Берег удалялся. Уменьшался яхт-клуб, лес стал не больше кустарника, коровы на лугу — не крупнее божьих коровок. А мы летели вперед, и перед нами распахивалась ширь водохранилища. Ветер свистел в снастях, сильный и теплый, ветром пах парус, ее руки и волосы тоже пахли ветром, бесшабашным и безудержным.

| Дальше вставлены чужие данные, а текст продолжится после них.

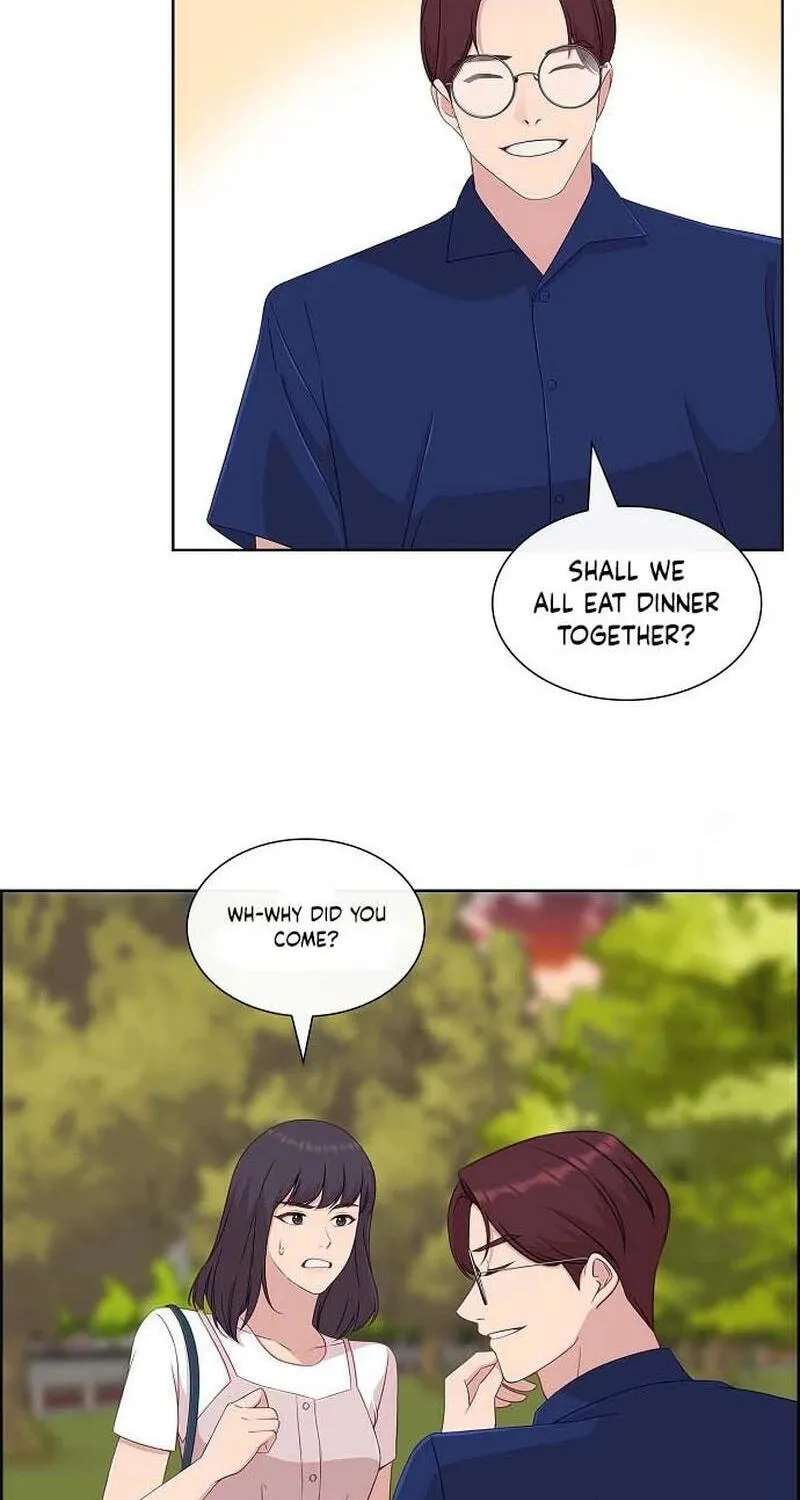The Reason for a Confession Chapter 73 - page 29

Мы были не одни. Десяток парусов белел вокруг нас. Солнце стояло в зените, отражалось в воде, пронизывало ее тысячами огненных иголочек и блесток, и на нее нельзя было смотреть. Ветер рябил воду, гнал волну, завивал, закручивал, буравил воронки и бросал пену. И острые косые паруса мчались вперед. Солнце и ветер. Солнце и волны. Солнце и паруса. Я люблю воду. Я родился у Днепра, жил у Припяти и Западной Двины, и дольше всего — у Двины. Целыми днями пропадал я на ней, ловил рыбу, нырял с лодок, барж и плотов, плавал к пароходным колесам и винтам — эх, ударила б волна, подбросила б вверх, окатила б с головой! В воде отражался мост с быками, заводские трубы и легкие тучки… Несется вода, бежит, переливается — и легче думается; коснется вода твоего разгоряченного тела нежной прохладой, как ладони матери; то серая, то синяя, то черная, то розовая, то белая — всегда она разная, вода; всегда чуткая, отзывчивая, живая. А еще есть море. Я ни разу не видел его. Как это, наверно, здорово — море!